If it can point law enforcement agencies to the areas elephant most need protection and marshal the resources needed to stop the poaching and smuggling, it will have done a great service. Short of that, it is like inventorying deck chairs on the Titanic: It is simply not enough to count carcasses as elephant populations plummet and local populations of these animals are wiped out.
Whether the average number of elephants killed each year is 25,000 to 50,000, or about one every 15 minutes – as IFAW has estimated – or 96 per day as the Wildlife Conservation Society has been saying, what is most important are the next steps taken to stop the slaughter.
At IFAW, we didn’t wait for the latest report to start protecting elephants. For years, we’ve been implementing a multi-pronged approach to address the elephant crisis at three points along the bloody ivory trail: source countries, transit countries and consumer countries.
In elephant range states such as Kenya, Tanzania, Malawi, Zambia and India, IFAW helps train and equip anti-poaching rangers, community scouts and forest staff to protect elephants where they live. These brave men and women are the elephants’ first line of defense against poachers.
By helping to provide local people with viable alternatives to poaching and address human-elephant conflicts, we build popular support for elephant protection.
Through our Prevention of Wildlife Trafficking training workshops, IFAW has trained almost 1,500 customs agents, border guards and wildlife law enforcement officials from more than 37 countries to detect and interdict ivory and other illegal wildlife products in transit from source to end-user nations.
We also work with INTERPOL and other law enforcement agencies to conduct operations and strengthen inter-agency and trans-national collaborations that have helped to disrupt and dismantle international criminal gangs and smuggling rings.
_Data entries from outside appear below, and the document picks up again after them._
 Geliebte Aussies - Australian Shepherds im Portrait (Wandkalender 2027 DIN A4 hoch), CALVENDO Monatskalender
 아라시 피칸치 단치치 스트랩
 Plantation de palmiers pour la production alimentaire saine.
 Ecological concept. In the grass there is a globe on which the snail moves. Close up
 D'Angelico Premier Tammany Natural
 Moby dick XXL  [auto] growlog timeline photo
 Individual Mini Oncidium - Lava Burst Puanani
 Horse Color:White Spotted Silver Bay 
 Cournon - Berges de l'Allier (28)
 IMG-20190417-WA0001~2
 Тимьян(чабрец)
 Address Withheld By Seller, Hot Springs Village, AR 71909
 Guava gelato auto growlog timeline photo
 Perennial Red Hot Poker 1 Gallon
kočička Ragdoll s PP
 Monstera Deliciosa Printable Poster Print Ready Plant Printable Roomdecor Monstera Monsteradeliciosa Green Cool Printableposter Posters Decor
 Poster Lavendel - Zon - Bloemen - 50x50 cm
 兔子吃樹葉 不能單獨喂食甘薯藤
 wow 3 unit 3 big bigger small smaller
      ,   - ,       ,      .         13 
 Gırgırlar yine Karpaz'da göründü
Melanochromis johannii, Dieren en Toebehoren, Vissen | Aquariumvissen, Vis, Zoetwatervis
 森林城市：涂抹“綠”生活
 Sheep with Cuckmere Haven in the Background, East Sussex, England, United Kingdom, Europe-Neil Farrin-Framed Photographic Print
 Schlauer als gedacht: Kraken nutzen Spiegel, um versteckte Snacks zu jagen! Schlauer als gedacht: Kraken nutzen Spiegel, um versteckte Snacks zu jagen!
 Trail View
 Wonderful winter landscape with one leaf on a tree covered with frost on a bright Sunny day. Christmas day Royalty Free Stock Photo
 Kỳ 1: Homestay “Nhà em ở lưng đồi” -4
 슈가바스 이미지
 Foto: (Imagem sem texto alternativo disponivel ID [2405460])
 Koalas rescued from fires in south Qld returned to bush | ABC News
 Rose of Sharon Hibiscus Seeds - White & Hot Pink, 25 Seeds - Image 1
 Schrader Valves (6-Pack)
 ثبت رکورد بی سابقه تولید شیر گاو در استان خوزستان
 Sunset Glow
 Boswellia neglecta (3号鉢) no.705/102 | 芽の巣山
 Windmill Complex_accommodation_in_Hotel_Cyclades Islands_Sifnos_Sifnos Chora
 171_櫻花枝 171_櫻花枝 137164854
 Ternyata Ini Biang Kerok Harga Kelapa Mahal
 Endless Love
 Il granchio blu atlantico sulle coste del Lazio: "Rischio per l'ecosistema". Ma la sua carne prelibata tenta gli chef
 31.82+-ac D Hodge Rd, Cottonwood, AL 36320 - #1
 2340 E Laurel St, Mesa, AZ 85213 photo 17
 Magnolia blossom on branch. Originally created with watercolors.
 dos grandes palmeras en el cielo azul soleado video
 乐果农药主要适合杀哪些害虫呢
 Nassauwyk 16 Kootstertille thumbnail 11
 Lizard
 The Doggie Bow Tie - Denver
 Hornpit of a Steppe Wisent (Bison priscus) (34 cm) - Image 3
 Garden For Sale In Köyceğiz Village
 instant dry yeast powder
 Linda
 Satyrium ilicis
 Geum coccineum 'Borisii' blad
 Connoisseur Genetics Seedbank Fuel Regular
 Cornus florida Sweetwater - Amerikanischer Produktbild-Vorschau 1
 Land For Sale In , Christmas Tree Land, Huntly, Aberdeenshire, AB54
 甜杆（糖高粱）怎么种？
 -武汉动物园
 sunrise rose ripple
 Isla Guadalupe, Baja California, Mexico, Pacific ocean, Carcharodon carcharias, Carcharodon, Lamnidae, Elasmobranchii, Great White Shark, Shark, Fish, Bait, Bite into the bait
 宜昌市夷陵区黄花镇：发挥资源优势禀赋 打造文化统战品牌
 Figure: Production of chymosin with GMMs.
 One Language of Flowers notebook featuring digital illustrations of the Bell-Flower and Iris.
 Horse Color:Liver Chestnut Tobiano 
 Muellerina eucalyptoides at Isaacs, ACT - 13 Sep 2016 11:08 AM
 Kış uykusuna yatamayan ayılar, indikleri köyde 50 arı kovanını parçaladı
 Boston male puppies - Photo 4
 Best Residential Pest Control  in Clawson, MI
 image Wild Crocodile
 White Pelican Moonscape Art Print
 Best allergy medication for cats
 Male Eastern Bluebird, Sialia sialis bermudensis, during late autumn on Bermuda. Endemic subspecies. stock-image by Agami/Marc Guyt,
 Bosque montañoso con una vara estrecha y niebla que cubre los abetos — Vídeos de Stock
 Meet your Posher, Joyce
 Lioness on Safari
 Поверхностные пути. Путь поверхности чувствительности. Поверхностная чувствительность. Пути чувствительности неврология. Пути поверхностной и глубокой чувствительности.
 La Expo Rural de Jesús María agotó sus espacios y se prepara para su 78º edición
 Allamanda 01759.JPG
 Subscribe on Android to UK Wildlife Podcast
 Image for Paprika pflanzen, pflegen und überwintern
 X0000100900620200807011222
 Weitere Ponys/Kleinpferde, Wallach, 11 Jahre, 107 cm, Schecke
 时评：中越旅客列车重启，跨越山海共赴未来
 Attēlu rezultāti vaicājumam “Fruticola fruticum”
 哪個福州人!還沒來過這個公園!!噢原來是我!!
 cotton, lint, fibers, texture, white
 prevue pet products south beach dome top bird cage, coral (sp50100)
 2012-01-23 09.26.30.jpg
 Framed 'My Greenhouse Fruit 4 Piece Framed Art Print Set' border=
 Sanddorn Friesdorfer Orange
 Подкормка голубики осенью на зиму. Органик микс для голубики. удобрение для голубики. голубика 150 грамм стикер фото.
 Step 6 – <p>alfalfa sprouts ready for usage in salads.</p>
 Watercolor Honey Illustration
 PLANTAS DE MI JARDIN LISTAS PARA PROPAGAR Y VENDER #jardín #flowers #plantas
Even the Internet is a major conduit for illegal sales of ivory, live wild animals and other wildlife products, as IFAW’s investigations of online wildlife trade have revealed. Our global findings have been used by law enforcement officials to crack down on these criminal activities, led website owners to ban sales of illegal wildlife products and encouraged policy-makers and legislators to tighten regulations and oversight of illegal wildlife sales online.
The combined result of these initiatives has been to make it more difficult for wildlife criminals to move illegal products electronically.
In China, Europe, the United States of America and elsewhere, IFAW advocates for stricter laws and enhanced penalties for wildlife crimes at the same time we run education and awareness campaigns to reduce demand and change the behavior of ivory and wildlife consumers.
Time is running out for elephants as a growing middle class in China and other nations are willing and able to buy more ivory products both as status symbols and as financial investments. In range states where economic opportunities are lacking, poaching sometimes seems to be a lucrative option, and because international criminal gangs and insurgent groups are more and more involved in ivory poaching and smuggling.
But an engaged global community of governments, NGOs, law enforcement agencies and concerned people can end the slaughter before it is too late for the world’s remaining elephants.
We must count ourselves among the active protectors of these majestic animals and not just count carcasses.